## EXERCISE DATA
──────────────────────────────

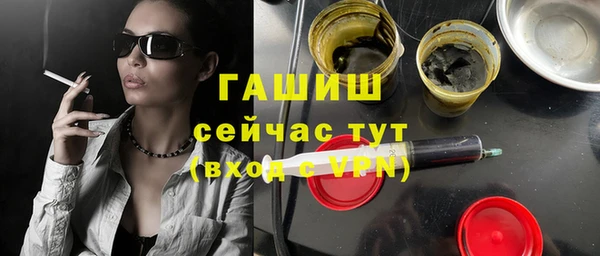прущий лед Остров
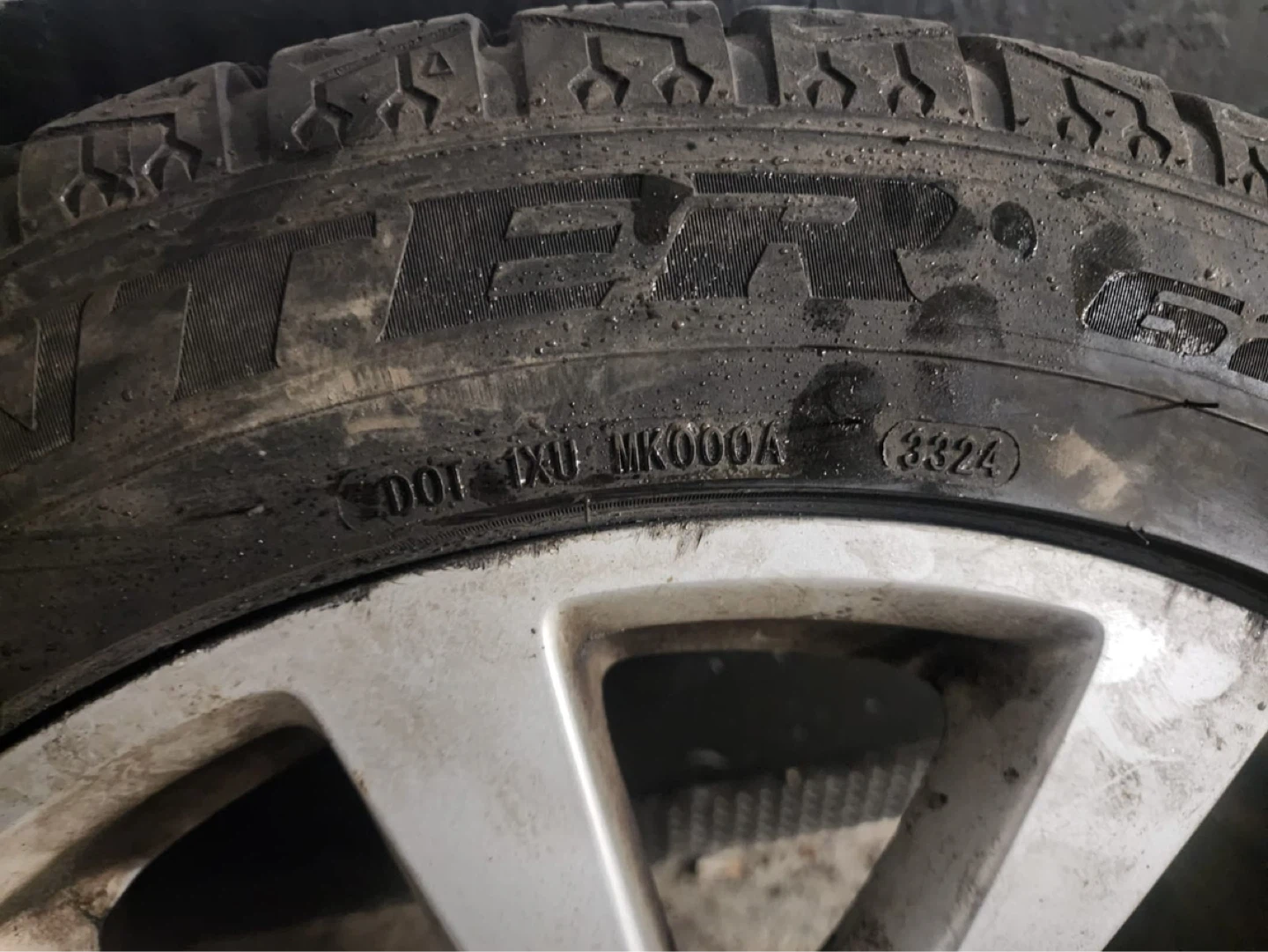Set of 4 Sailun Winter Tires 235/50R18 - photo 2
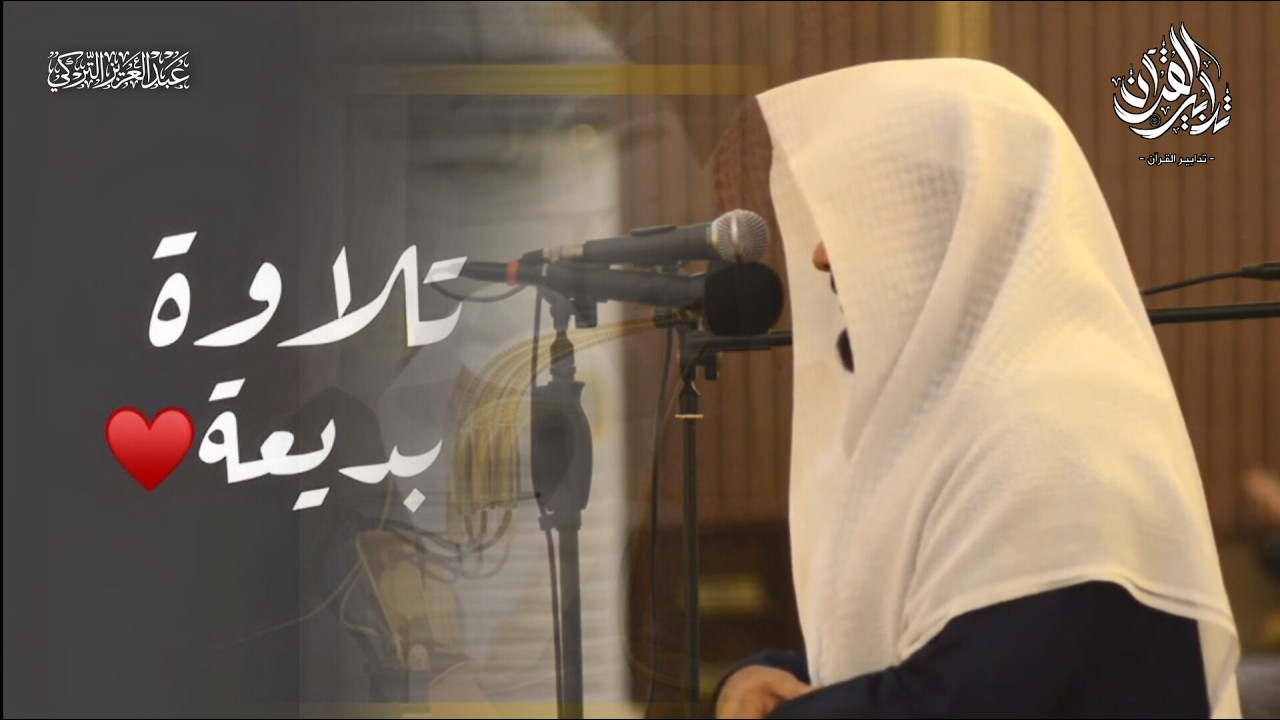 تلاوة بديعة مرئية من سورة فصلت للشيخ عبدالعزيز التركي | عشائيات شعبان 1447 هـ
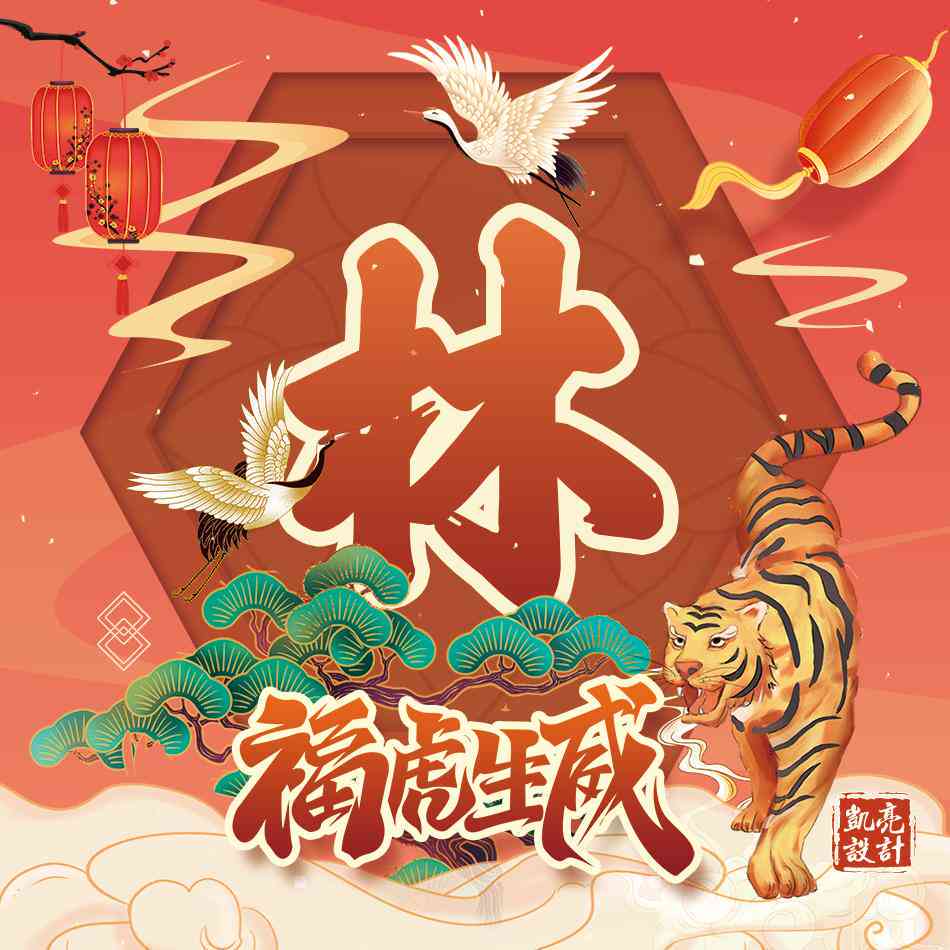 国潮娃娃有哪些及牌子，头像设计攻略与绘画方法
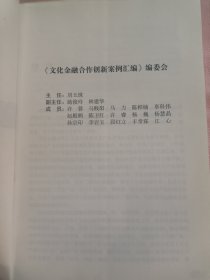 文化金融合作创新案例汇编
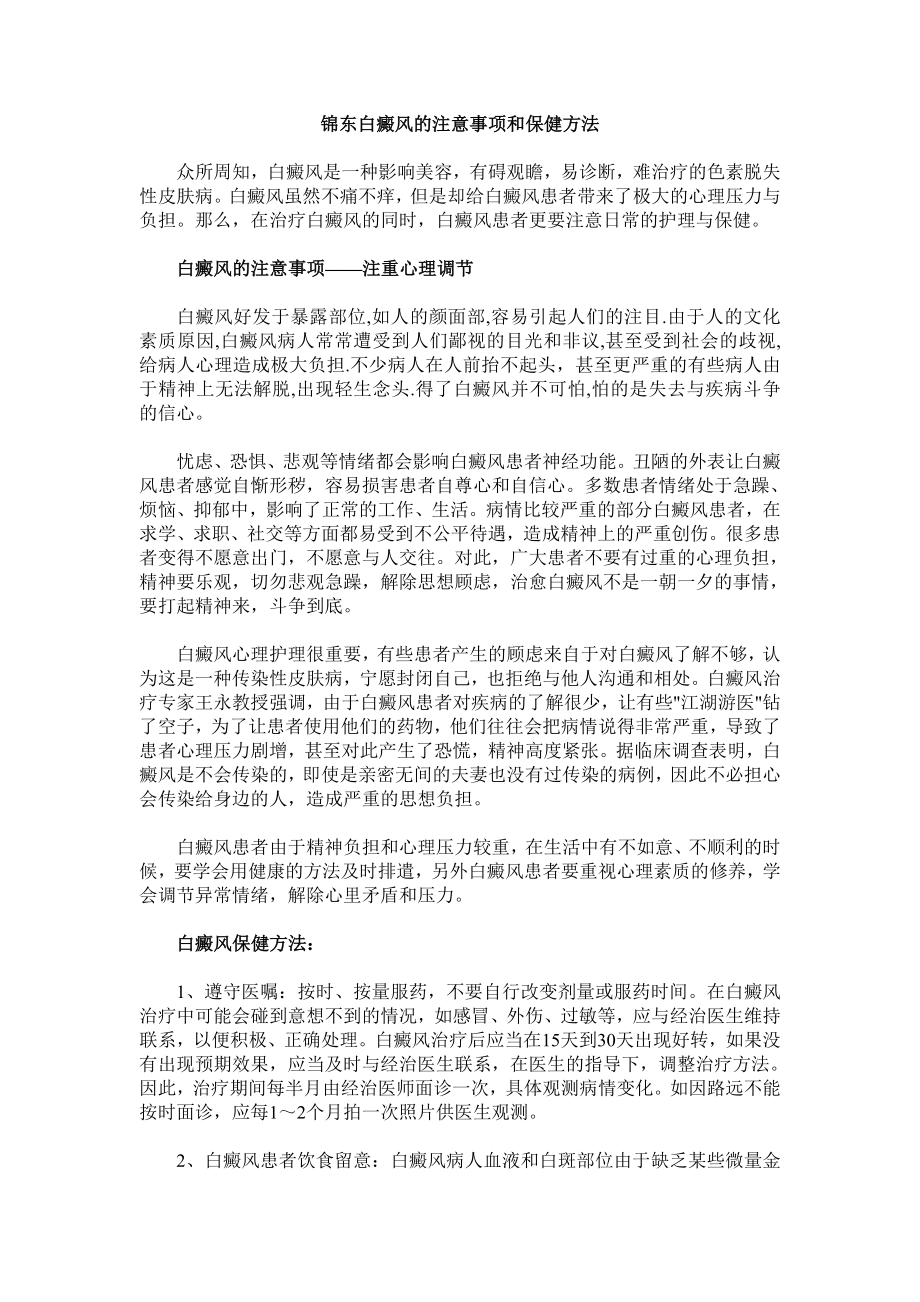 锦东白癜风的注意事项和保健方法.doc_第1页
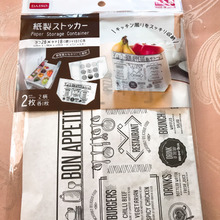 冷蔵庫スッキリ見やすい?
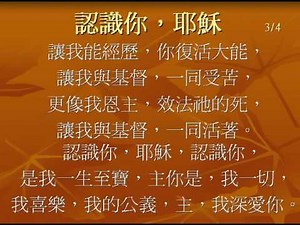 认识你耶稣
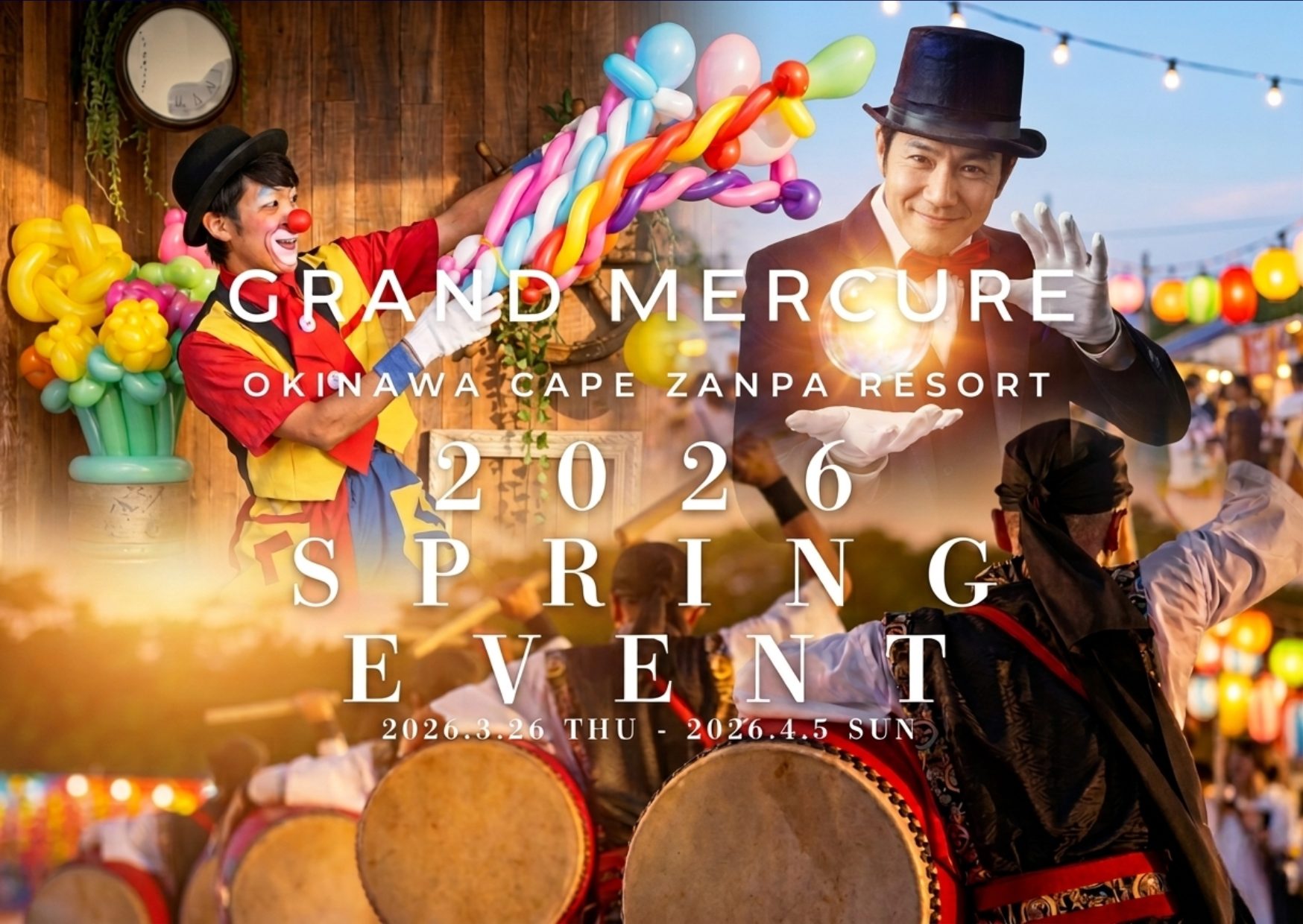 【春季活動】享受傳統文化和度假村特有的快樂,充滿笑容的時光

──────────────────────────────

## WHAT YOU HAVE TO DO
Retype, word for word, only the lines from the line with "文化金融合作创新案例汇编" to the final line of the listing above; the pictures do not belong in the copy.

## WRITTEN REPLY
 文化金融合作创新案例汇编
 锦东白癜风的注意事项和保健方法.doc_第1页
 冷蔵庫スッキリ見やすい?
 认识你耶稣
 【春季活動】享受傳統文化和度假村特有的快樂,充滿笑容的時光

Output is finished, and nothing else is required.